La production de biomasse souffrirait également, au même titre que l’agriculture, d’une augmentation de la fréquence et de l’intensité des sécheresses. Il est toutefois possible que dans certaines régions la hausse des températures, celle des précipitations ou encore la plus forte concentration de l’atmosphère en CO2 soit favorables à la production de biomasse.

Globalement, les risques accrus de pluies intenses, d’inondations et d’élévation du niveau de la mer pourraient entraîner des dégâts aux infrastructures de production et d’acheminement de l’énergie et de l’électricité, et donc là encore une baisse de la production.

Enfin, les changements de températures pourraient avoir pour conséquence de modifier substantiellement la saisonnalité de la demande d’électricité dans les pays du Nord. Avec le réchauffement, la demande serait moins forte en hiver pour le chauffage, mais plus forte en été pour la climatisation, au moment où certaines sources d’énergie sont les plus problématiques.

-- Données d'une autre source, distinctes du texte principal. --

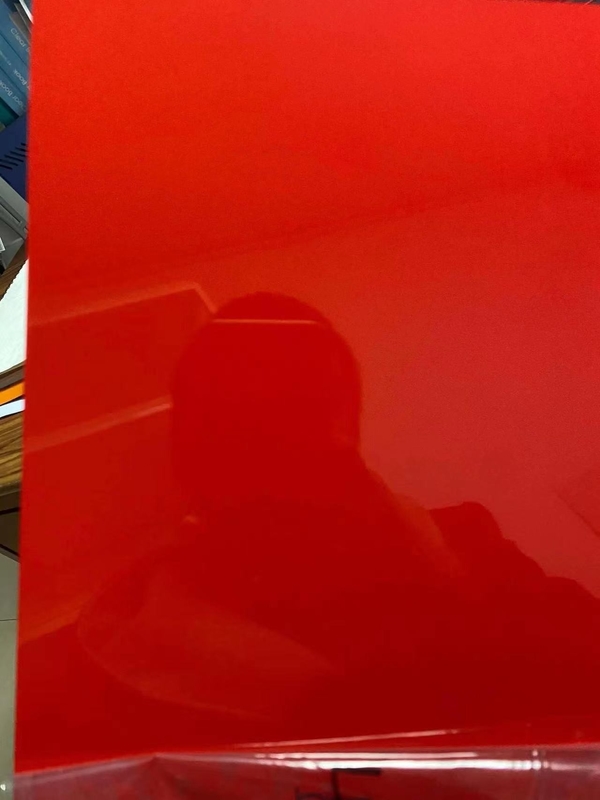 le PE de 1550mm a enduit la feuille en plastique composée en aluminium pour l'intérieur de devanture de Signage
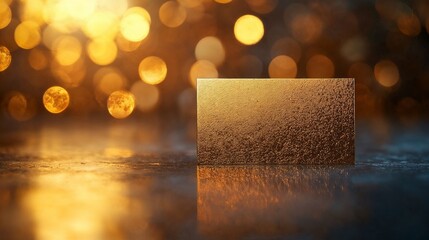 Christmas golden card with empty space for text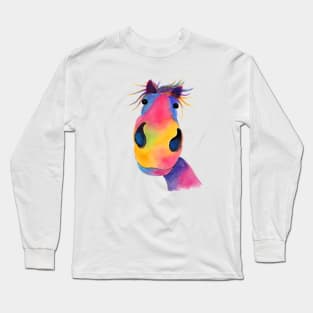 HoRSe PRiNT, ANiMaL PRiNT ' PeNeLoPe PiMMS ' Equestrian Gifts Long Sleeve T-Shirt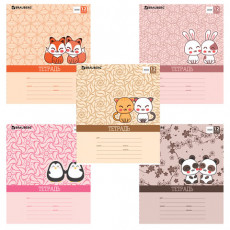 Тетрадь 12 л. BRAUBERG, линия, обложка картон, ПАРОЧКА, 104778 Тетрадь 12 л. BRAUBERG, линия, обложка картон, ПАРОЧКА, 104778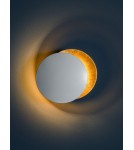 Designer wall lamps - Moosee MOOSEE ECLISE gold / white wall lamp (MSE010400203) - product 10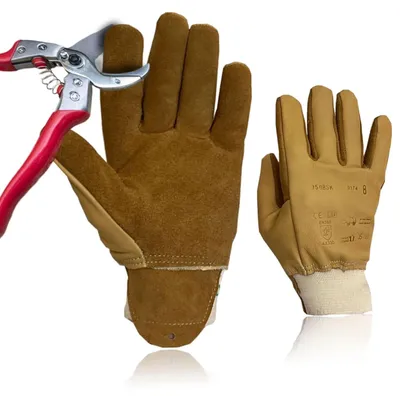 Image de Gants de jardin, doublure en Polyamide, cuir français, pour le jardinage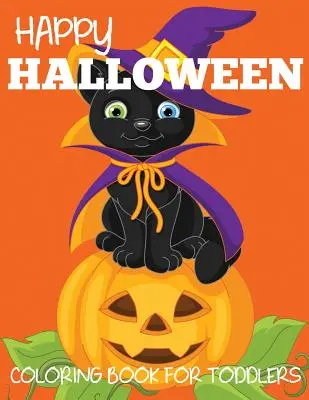 Libro da colorare di Halloween per bambini - Happy Halloween Coloring Book for Toddlers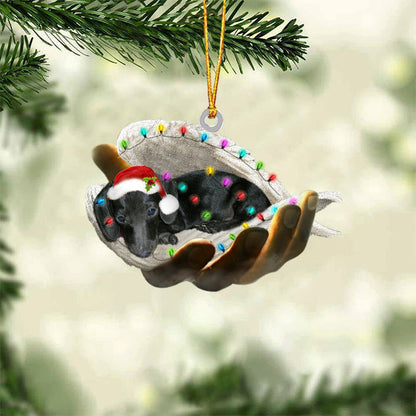 Dashuand (Black) Sleeping Angel In God Hand Christmas Ornament Godmerch Ornament - Best gifts your whole family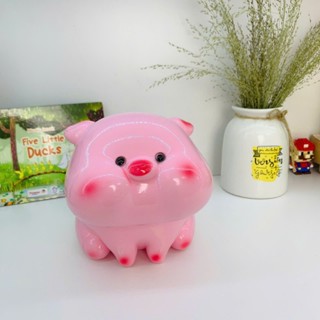  Heo đất tiết kiệm lỗ tròn Heo Má Phính cute size nhỏ-lợn đất ống tiết kiệm quà tặng ,trang trí 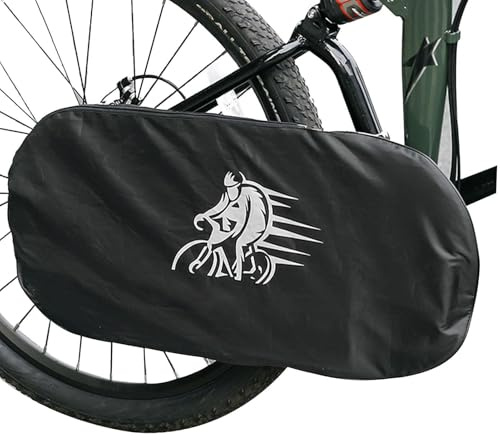 Industrial Bicycle Chain Guard Cover - Road Bike Chain Guard | Outdoor Waterproof Bike Cover with Reflective Logo, Cycling Accessories for Road and Mountain Bikes, Gear Protector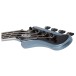 Schecter Ultra Bass, Pelham Blue - headstock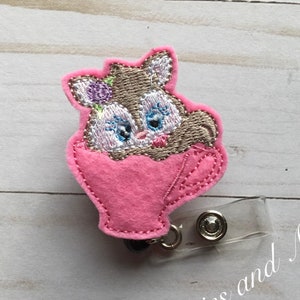 Cat Badge Reel,  Kitten Badge Reel, Tea Cup Badge Reel, Cat Badge Holder, Nurse Badge Reel, Teacher Badge Reel, Retractable Badge Reel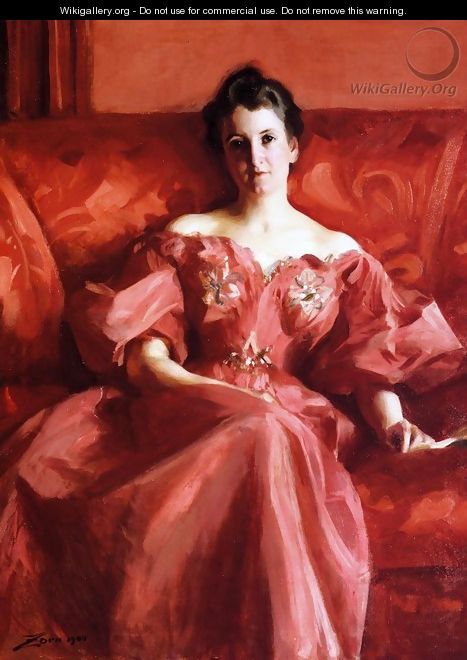 Portrait of Mrs. Howe (née Deering) - Alfred Stevens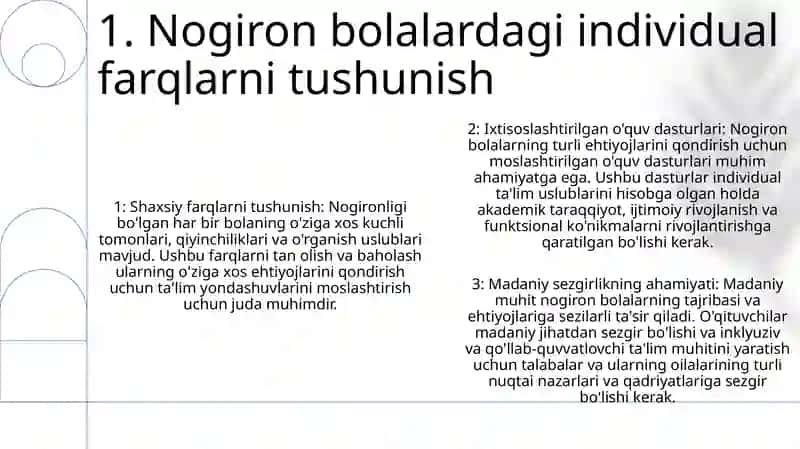 Ixtisoslashtirilgan o'quv dasturlari 2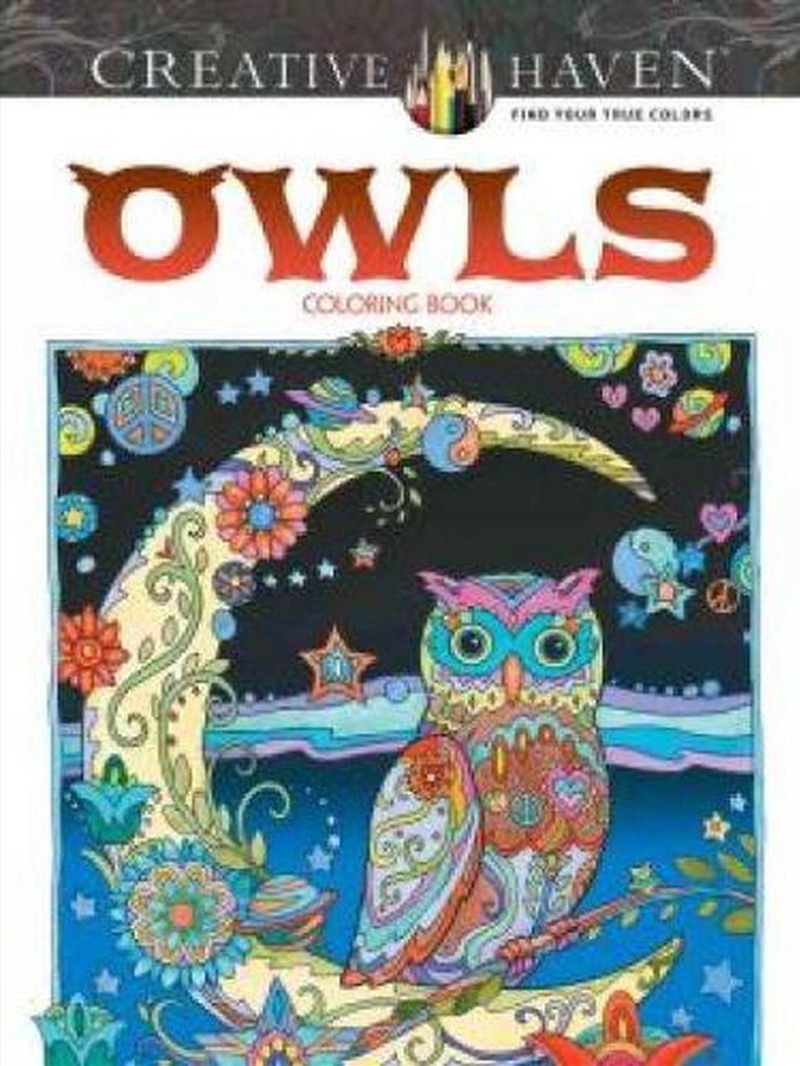 Creative Haven Owls Coloring Book/Product Detail/Adults Activity Books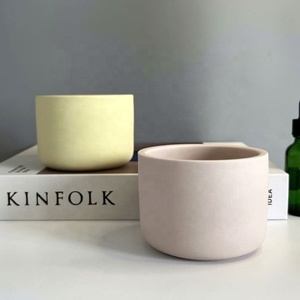 2026 Custom Modern Christmas Wedding Decorative Small Ceramic 10oz Empty Candle Jars for Candle Making - Product Image 5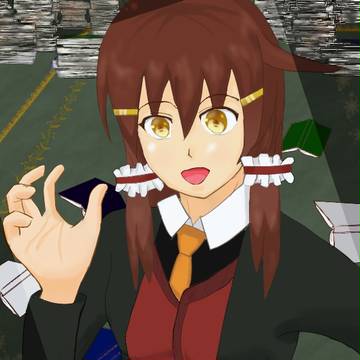 書室にて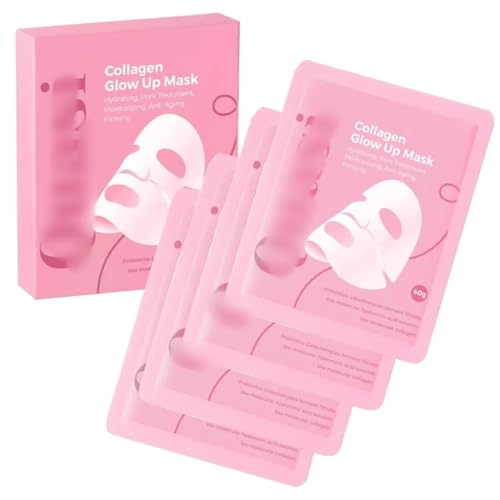 Quasi Bio Collagen Face Mask- Firm Skin Deep Hydrating Masks for Wrinkle Reduction and Pore Minimization,1box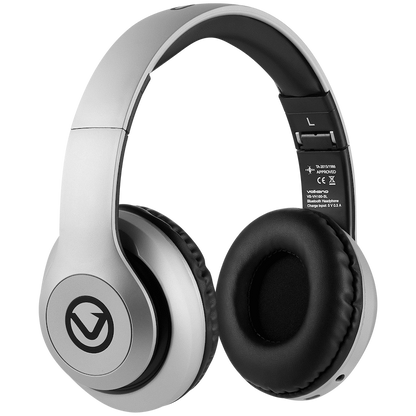 Volkano Impulse Series Bluetooth Headphones - Silver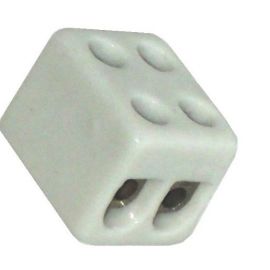 CONECTOR DECORLUX PORCELANA BIPOLAR  50A    CP1023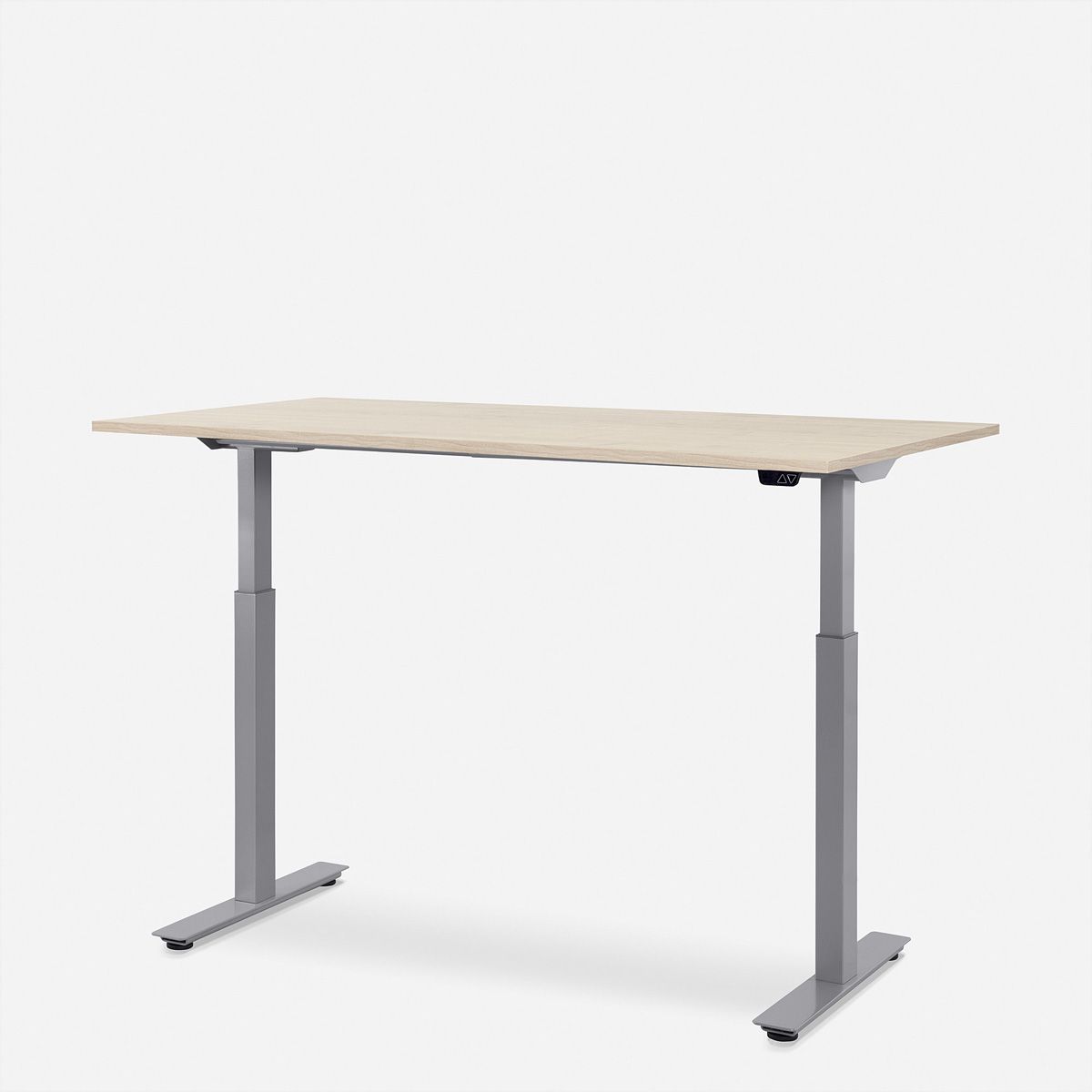 WRK21 Schreibtisch Smart 100 x 60 cm, Höhenverstellbar, Mandal Ahorn / Grau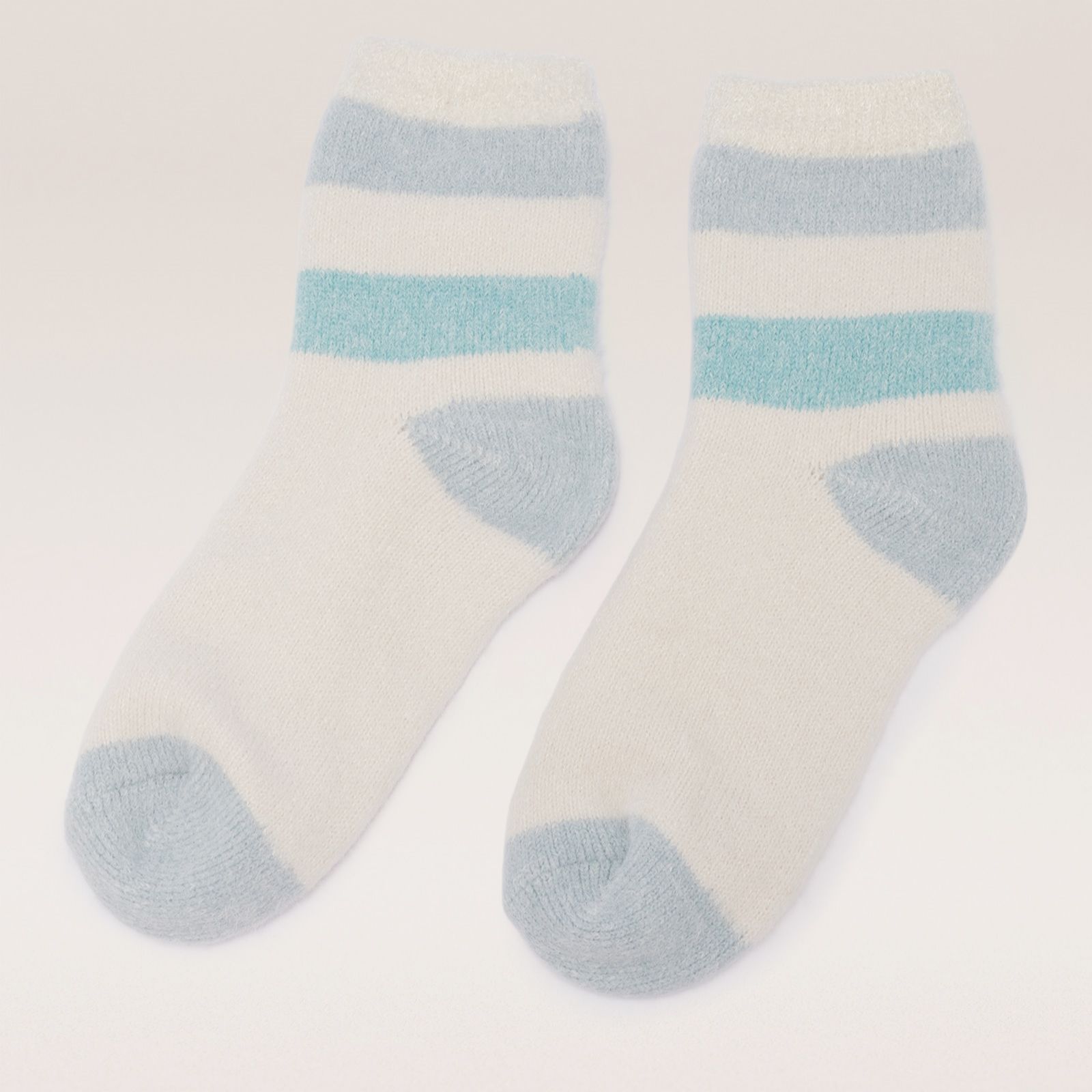 Cozee Home Striped Fluffy Pair of Socks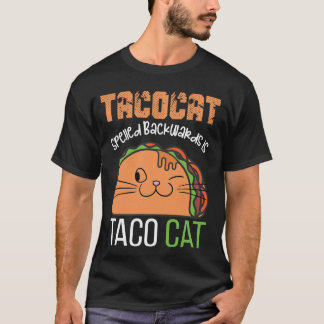 T-shirt Tacocat épelé à l'envers est Tacocat Funny Chat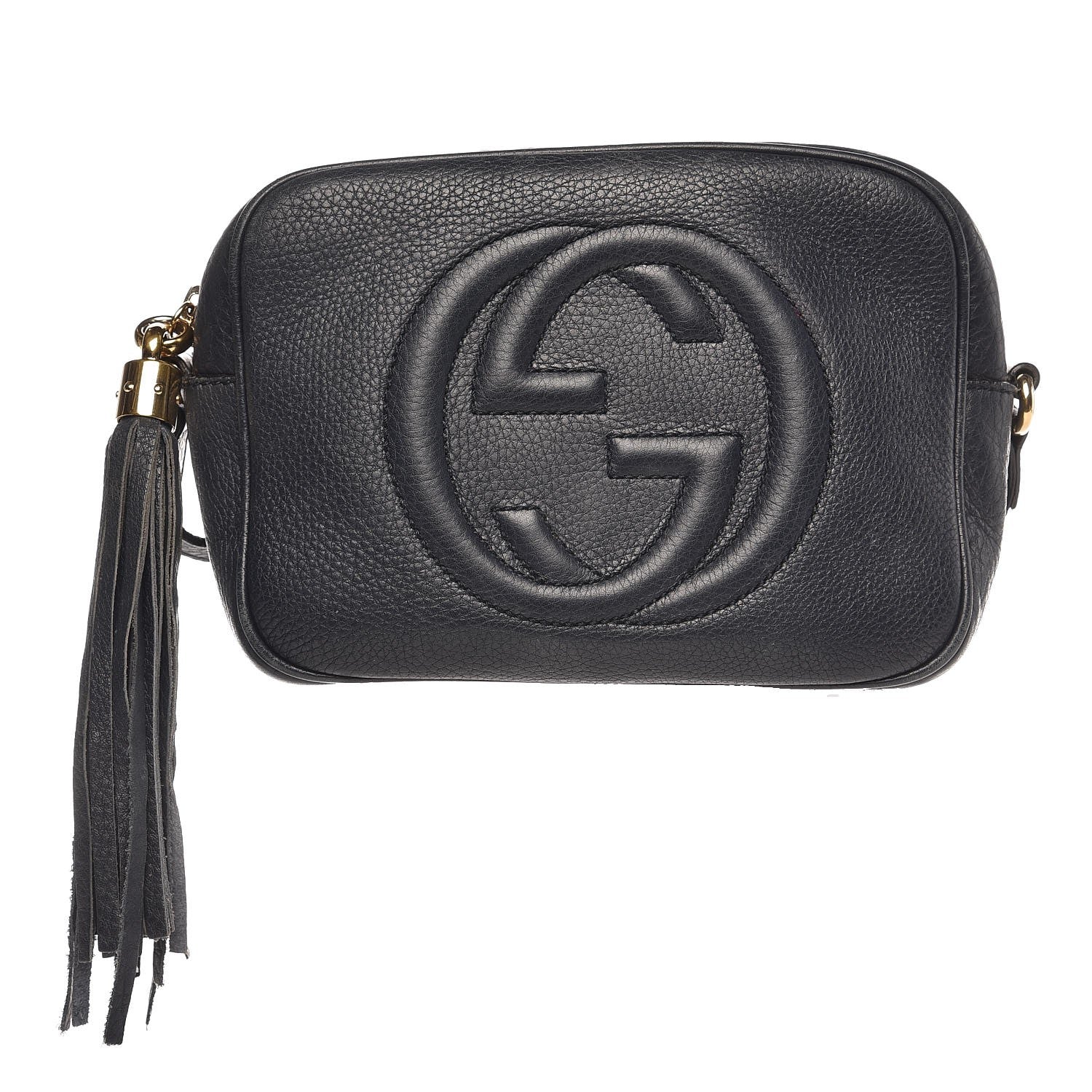 Gucci Pebbled Calfskin Small Soho Disco Bag Blue 1 of 16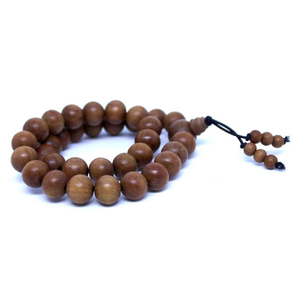 ลูกประคำไม้จันทน์ขาวอินเดีย ขนาด 10 มม. แบบคลาสสิก สำหรับผู้ชายและผู้หญิง ของขวัญสำหรับงานปาร์ตี้ ลูกประคำสวดมนต์ มิสบาฮ์ ทัสบีห์ เตสบีห์ 33 เม็ด - Product Image 3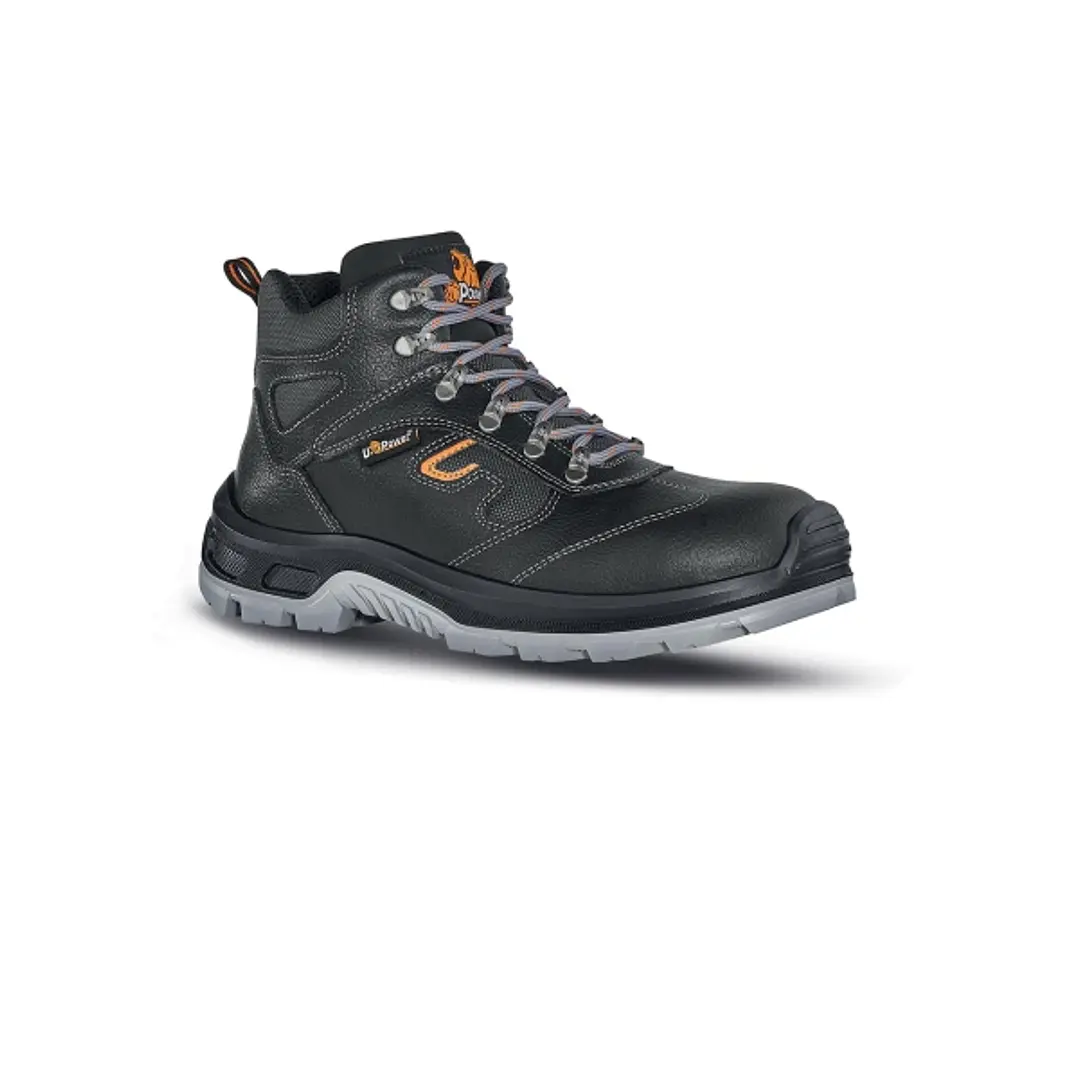 Upower Premiere L Botines de Seguridad - Talla 45 - Empeine Piel Hidrofuga, Inserciones Transpirables, Puntal Composite, Antiperforacion, Antideslizan 1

Les effets contre-productifs de nouvelles politiques énergétiques en ce qui concerne l’eau

Par choc en retour, les changements de politique énergétique et la promotion de nouvelles filières pourraient avoir des conséquences négatives sur les ressources en eau en général, comme sur d’autres facteurs. Une extension, là où c’est possible, de la production hydroélectrique à travers la construction de nouveaux barrages, outre ses nombreuses conséquences sociales et environnementales potentielles, aurait ainsi pour effet de modifier l’hydrographie de régions entières, d’entraîner des pertes d’eau par évaporation et d’aggraver des pénuries d’eau en aval. Aux États-Unis, l’extension des extractions de gaz naturel dans des réserves non-conventionnelles est encouragée par la hausse des prix des hydrocarbures et par la recherche d’une source d’énergie locale dont la teneur en carbone soit inférieure à celle du pétrole. Les technologies d’extraction utilisées pour atteindre ces réserves consistent à projeter des milliers de litres d’eau mêlée de substances chimiques à très haute pression pour fracturer la roche qui recèle les réserves de gaz. Une partie de cette eau contaminée resterait sous terre ; le reste est théoriquement récupéré, mais il arrive souvent qu’il soit purement et simplement réinjecté dans le sous-sol. L’évaluation de la pollution ainsi occasionnée, ainsi que les poursuites judiciaires auxquelles elle pourrait donner lieu, sont rendues plus difficile par le fait que les entreprises concernées refusent de dévoiler la composition chimique des fluides utilisés, sous prétexte de protection de leur propriété intellectuelle. L’approvisionnement de New York figure parmi les victimes potentielles de cette nouvelle technique, car un projet d’exploitation d’un gisement de gaz de ce type est annoncé dans les montagnes des Catskills, d’où la ville tire son eau. (Au cours de l’automne 2009, l’État de New York a édicté un certain nombre de conditions et de règles auxquelles devaient se soumettre les entreprises qui souhaitaient exploiter le gisement en question, parmi lesquelles figuraient l’obligation de rendre publique la formule chimique utilisée, ainsi que la mise en place d’un périmètre de sécurité autour de la zone de captage de New York. Bien que ces règles aient été jugées encore insuffisantes par de nombreux activistes et chercheurs, elles ont conduit la seule entreprise propriétaire de terrains dans la zone à déclarer qu’elle renonçait à les exploiter.)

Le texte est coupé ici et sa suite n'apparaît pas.